* RECORDS SUPPLIED *
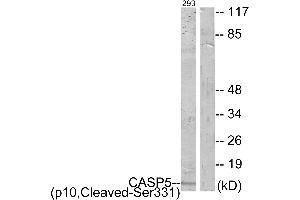 Western blot analysis of extracts from 293 cells, treated with etoposide (25uM, 1hour), using CASP5 (p10, Cleaved-Ser331) antibody. (CASP5 anticorps  (Cleaved-Ser331, Subunit p10))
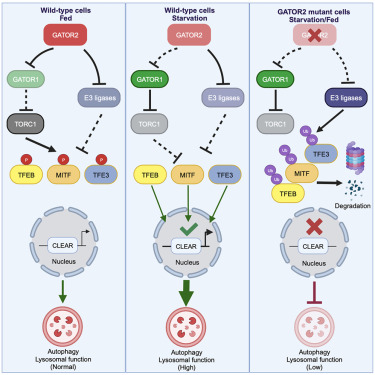 MolecularCell's tweet photo. Online Now: The GATOR2 complex maintains lysosomal-autophagic function by inhibiting the protein degradation of MiT/TFEs https://t.co/IKhfXbx8Fh https://t.co/rOyTsMJyj9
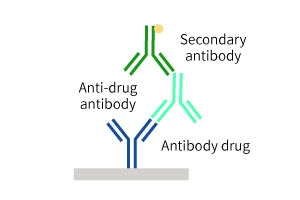 anti-idiotype-antibodies-tips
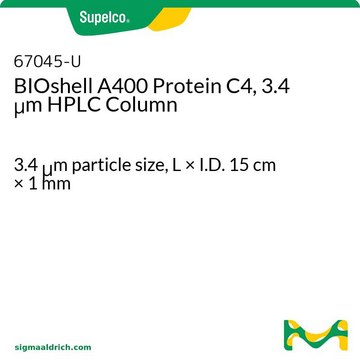 BIOshell A400 Protein C4, 3.4 &#956;m HPLC Column 3.4&#160;&#956;m particle size, L × I.D. 15&#160;cm × 1&#160;mm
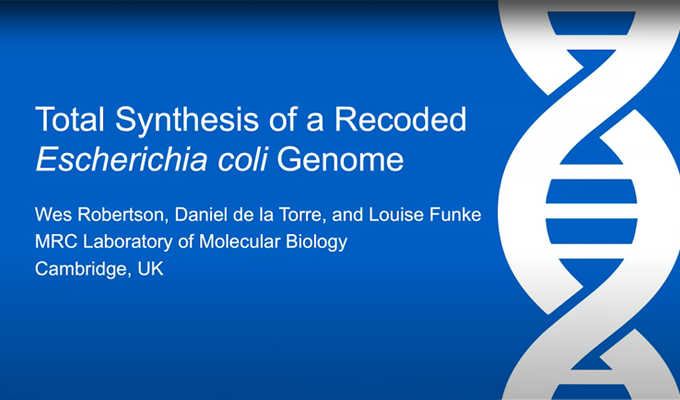 Total Synthesis of a Recoded Escherichia coli Genome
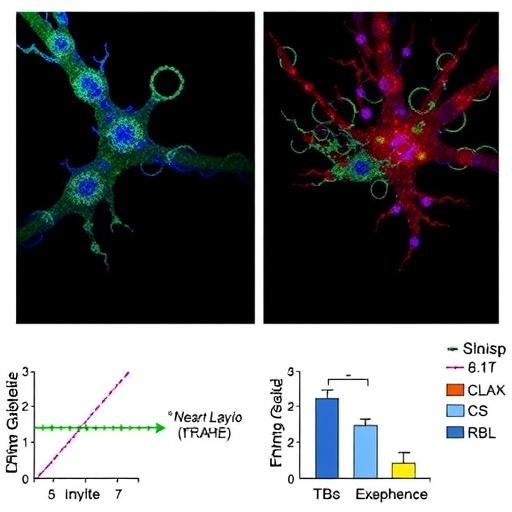 Oncogene Inactivation–Triggered Senescence Enables Tumor Relapse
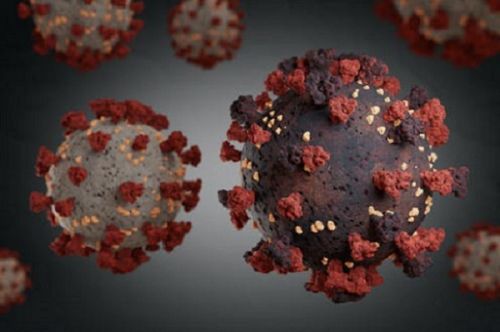 Coronavirus : le variant Delta est devenu le virus majoritaire circulant dans la ville de Yaoundé (Centre pasteur)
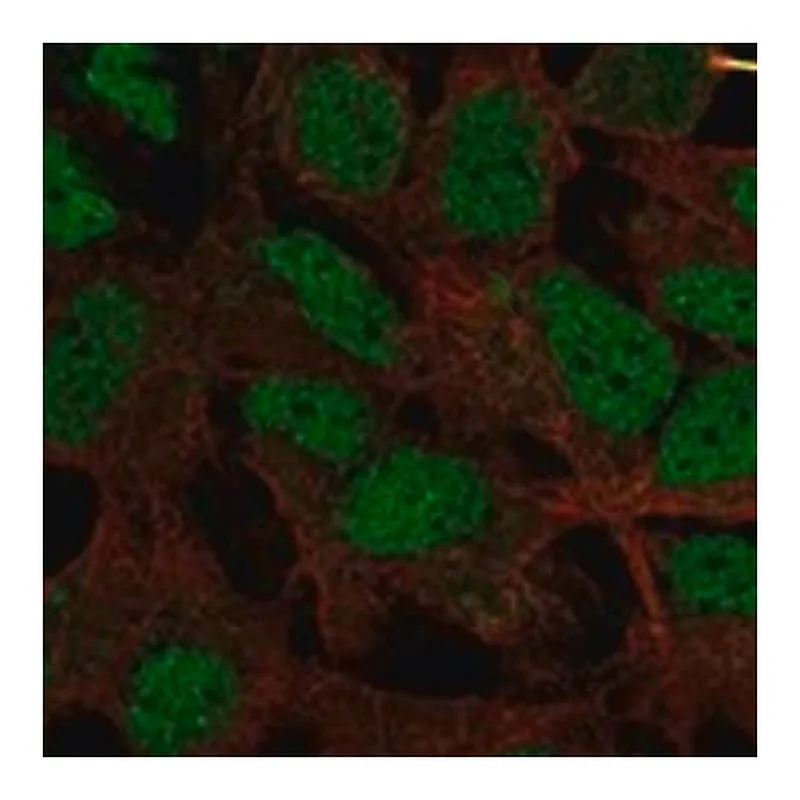 Merck Anti-HMGXB4 antibody produced in rabbit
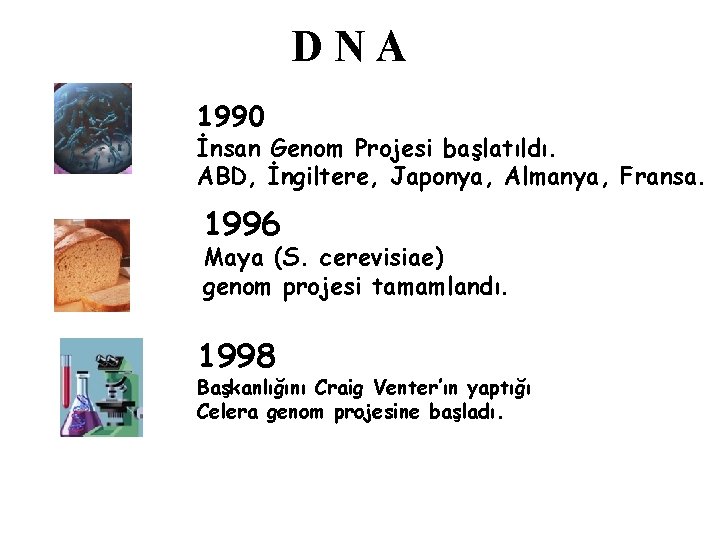 DNA 1990 İnsan Genom Projesi başlatıldı. ABD, İngiltere, Japonya, Almanya, Fransa. 1996 Maya (S.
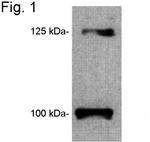 Leptin Receptor Antibody in Western Blot (WB)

* ABOUT THIS TASK *
Please retype every entry above exactly, leaving out any picture.

* WRITTEN RESPONSE *
 Western blot analysis of extracts from 293 cells, treated with etoposide (25uM, 1hour), using CASP5 (p10, Cleaved-Ser331) antibody. (CASP5 anticorps  (Cleaved-Ser331, Subunit p10))
 MolecularCell's tweet photo. Online Now: The GATOR2 complex maintains lysosomal-autophagic function by inhibiting the protein degradation of MiT/TFEs https://t.co/IKhfXbx8Fh https://t.co/rOyTsMJyj9
 anti-idiotype-antibodies-tips
 BIOshell A400 Protein C4, 3.4 &#956;m HPLC Column 3.4&#160;&#956;m particle size, L × I.D. 15&#160;cm × 1&#160;mm
 Total Synthesis of a Recoded Escherichia coli Genome
 Oncogene Inactivation–Triggered Senescence Enables Tumor Relapse
 Coronavirus : le variant Delta est devenu le virus majoritaire circulant dans la ville de Yaoundé (Centre pasteur)
 Merck Anti-HMGXB4 antibody produced in rabbit
 DNA 1990 İnsan Genom Projesi başlatıldı. ABD, İngiltere, Japonya, Almanya, Fransa. 1996 Maya (S.
 Leptin Receptor Antibody in Western Blot (WB)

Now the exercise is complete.